Perdera tudo o que possuía, morreram-lhe os filhos e filhas, ficou coberto de
lepra da cabeça aos pés. Ficou apenas com a sua mulher insensata e sem
caridade.
Então de
milionário, ficou reduzido a mendigo. Sentou-se sobre um monte de lixo e
raspava as suas feridas com restos de um vaso que fora uma relíquia. No meio da
sua dor, disse:
“ Nu sai do seio da minha mãe
Nu voltarei ao seio da terra
O senhor me deu
O senhor me tirou
Bendito seja o nome do senhor”
A atitude de
Job diante daquela tragédia que se abatera na sua vida, mostra a grandeza,
elevação e evolução do seu espírito. Compreendeu, sem revolta, o porquê do seu
sofrimento e assim soube sofrer com resignação, com calma, paciência e
sobretudo, não desesperou.
A vida, manifesta-se-nos diariamente
com base em duas leis divinas primordiais, que são a Lei do Amor e a Lei da
Causa-Efeito, entre outras obviamente, mas estas possuem grande importância. E
estas duas, afectam o nosso dia-a-dia de uma forma que dificilmente conseguímos
entender completamente.
Com isto vos quero dizer,
que quando se sentirem sofredores, não procurem primeiro as causas externas
desse sofrimento. Procurem primeiro dentro de vós mesmos, pois as respostas
estão lá guardadas e prontas a serem-vos dadas logo que a vossa consciência
desperte para elas.
Tudo está dentro de cada um
de nós. Deus deu-nos o privilégio de sermos seres únicos que caminham por sua
própria vontade e podem construir o seu amanhã da forma como o quiserem viver.
Deveríamos de dar graças ao
livre arbítrio que Deus nos concede, pois é através desse mesmo livre arbítrio
que podemos sofrer menos hoje e amanhã.
E como faço isso, é a grande
questão? Como posso deixar de sofrer?
Pois bem, essa parte é muito
fácil dizer-vos. Durante a palestra até já o fiz. Mas a grande e invariável
verdade, é que é muito difícil para nós deixarmos de sofrer hoje. Estamos
condenados a isso, fruto de sermos da forma como somos.
Seja pelos erros do passado,
antes desta existência, como pelos erros desta mesma existência, a limpeza do
nosso coração precisa ainda de muito trabalho, de muitas horas e experiências
para se limpar definitivamente.
Quando muitas vezes aqui se
fala de Amor, Caridade e Humildade, só para dar alguns exemplos, nunca pensaram
que a felicidade das nossas vidas só está alicerçada nestes pilares? Que tudo o
resto é efémero, passageiro e sem importância?
São tantas coisas
conscientemente ou inconscientemente que fazemos aos outros e contra nós que
nem sempre é fácil entender a razão do nosso sofrimento. Mas estamos aqui para
aprender e se conseguirmos realmente assimilar as lições a que nos destinámos
aprender, seremos todos os dias um pouquinho mais felizes e menos sofredores.
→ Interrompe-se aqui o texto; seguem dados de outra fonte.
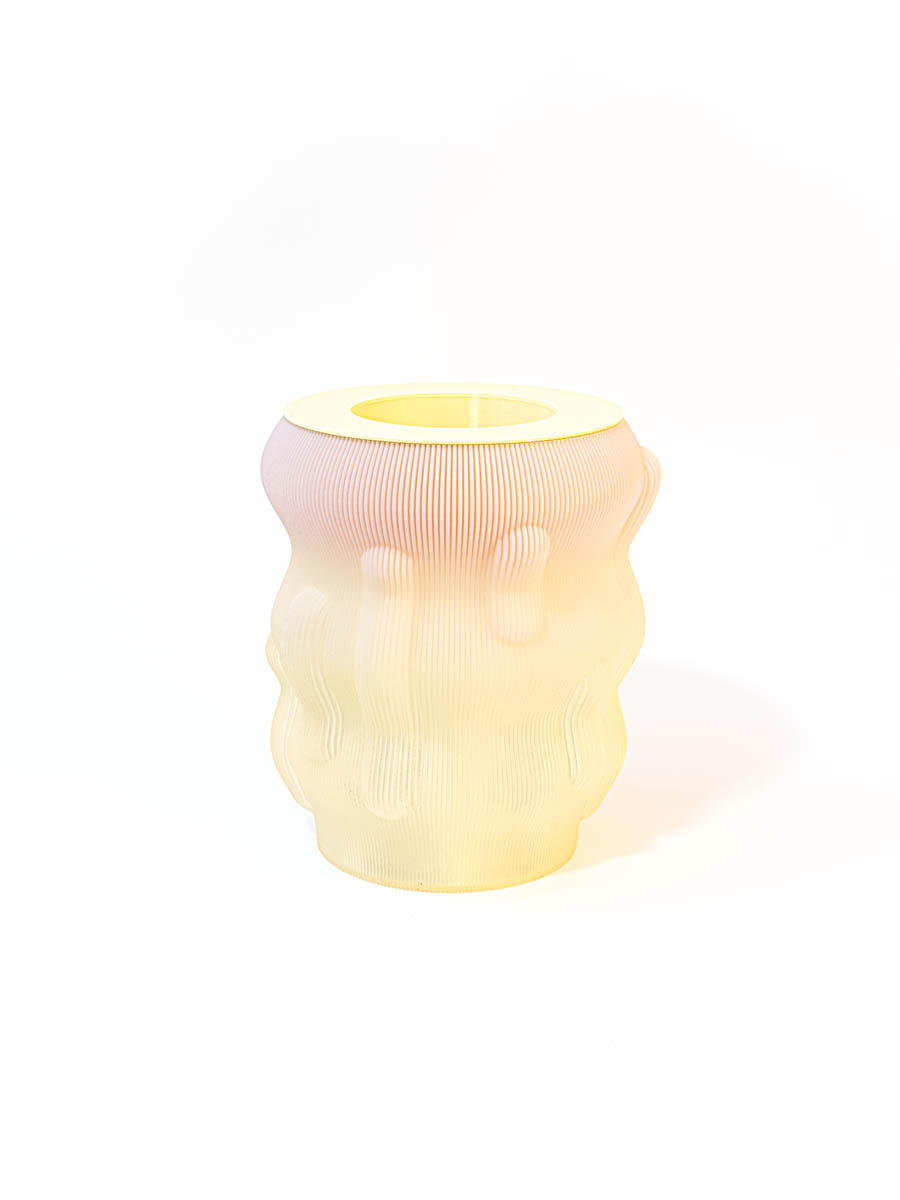 UAUPROJECT_BLURREDOBJECTS_vase5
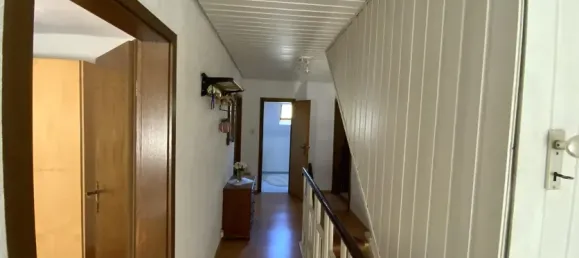 3 Schlafzimmer Stadthaus in Trier-Saarburg, Germany, Nr. 288009 19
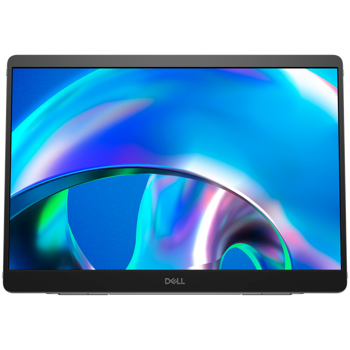 monitor-dell-pro-14-plus-portable-p1425-1920x1200-wuxga-60hz-81042-p1425-09.webp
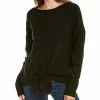 Vince Camuto Tie-Front Sweater Women 2 Vince Camuto Tie-Front Sweater Women -Dresses shop 1411291739 RLLD 1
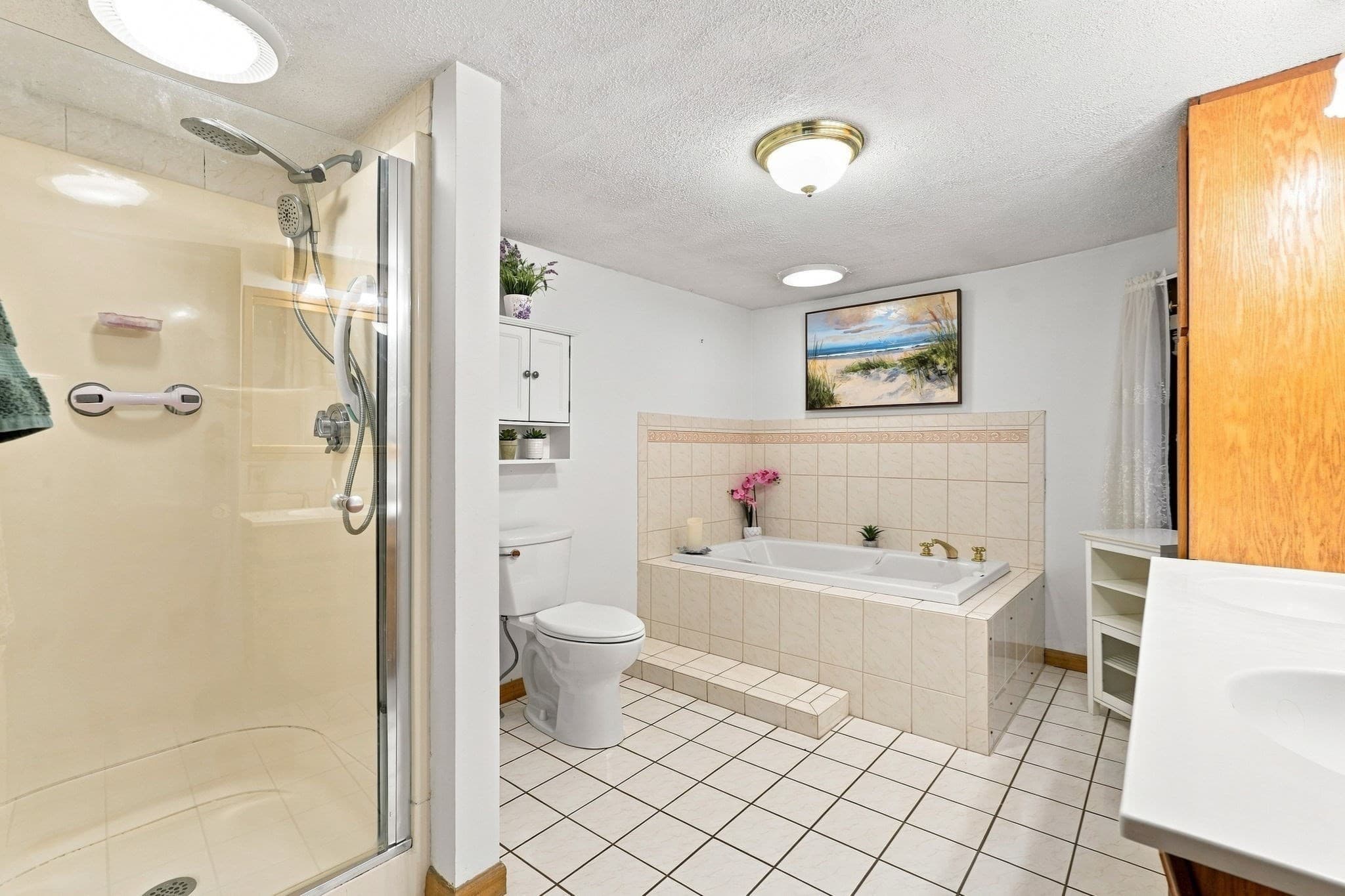 Single Family Residence at 6 Ragged Hill Rd, Ware MA 01082, Ware, photo 26 of 39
Jesus disse-nos: "Bem-aventurados os aflitos, pois que serão consolados."
Mas, como há de alguém
sentir-se ditoso por sofrer, se não sabe por que sofre?
O sofrimento é um bálsamo
para a nossa evolução moral.
Não chega eu saber o que é e
para que serve esta ou aquela ferramenta se não a souber usar, por exemplo.
Para saber o que é o amor, preciso de saber o que é o ódio. Para saber o que é
a fome, preciso de saber o que é a abundância. Precisamos de passar pelas
experiências para aprender…. e são essas passagens que nos fazem sofrer muito,
pois não conseguimos entender a sua génese.
Por muito que nos custe
acreditar e aceitar, precisamos nesta fase da nossa evolução, de sofrer. Não
que o queiramos ou gostemos disso, muito pelo contrário, mas sem o sofrimento
devido, não conseguimos aprender.
Somente o Homem com uma
consciência mais elevada consegue aprender com os seus erros, aceitando com
calma, resignação e paciência as consequências dos mesmos. Esse Homem, será
sempre muito menos sofredor e sobretudo, caminhará muito mais rapidamente na
direção de Deus.
Tenhamos fé e esperança,
pois um dia deixaremos de sofrer, porque já não precisaremos de passar pelas
lições da vida terrena.
Termino com uma frase de
Allan Kardec, que exprime muito bem a mensagem que vos desejei transmitir hoje:
“O homem é assim o árbitro constante de sua
própria sorte. Ele pode aliviar o seu suplício ou prolongá-lo indefinidamente. Sua
felicidade ou sua desgraça dependem da sua vontade de fazer o bem.”